What you will do: Write out the data exactly, every line included.

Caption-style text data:

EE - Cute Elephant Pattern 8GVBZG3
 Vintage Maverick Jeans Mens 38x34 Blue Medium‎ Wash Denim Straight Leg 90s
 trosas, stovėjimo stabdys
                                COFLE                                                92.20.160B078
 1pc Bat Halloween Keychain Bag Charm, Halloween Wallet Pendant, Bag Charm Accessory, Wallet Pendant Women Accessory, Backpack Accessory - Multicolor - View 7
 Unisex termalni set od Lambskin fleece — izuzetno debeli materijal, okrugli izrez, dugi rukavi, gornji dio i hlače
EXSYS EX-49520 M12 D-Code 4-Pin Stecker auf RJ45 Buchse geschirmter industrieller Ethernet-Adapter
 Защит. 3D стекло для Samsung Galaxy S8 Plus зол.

Reply:
EE - Cute Elephant Pattern 8GVBZG3
 Vintage Maverick Jeans Mens 38x34 Blue Medium‎ Wash Denim Straight Leg 90s
 trosas, stovėjimo stabdys
                                COFLE                                                92.20.160B078
 1pc Bat Halloween Keychain Bag Charm, Halloween Wallet Pendant, Bag Charm Accessory, Wallet Pendant Women Accessory, Backpack Accessory - Multicolor - View 7
 Unisex termalni set od Lambskin fleece — izuzetno debeli materijal, okrugli izrez, dugi rukavi, gornji dio i hlače
EXSYS EX-49520 M12 D-Code 4-Pin Stecker auf RJ45 Buchse geschirmter industrieller Ethernet-Adapter
 Защит. 3D стекло для Samsung Galaxy S8 Plus зол.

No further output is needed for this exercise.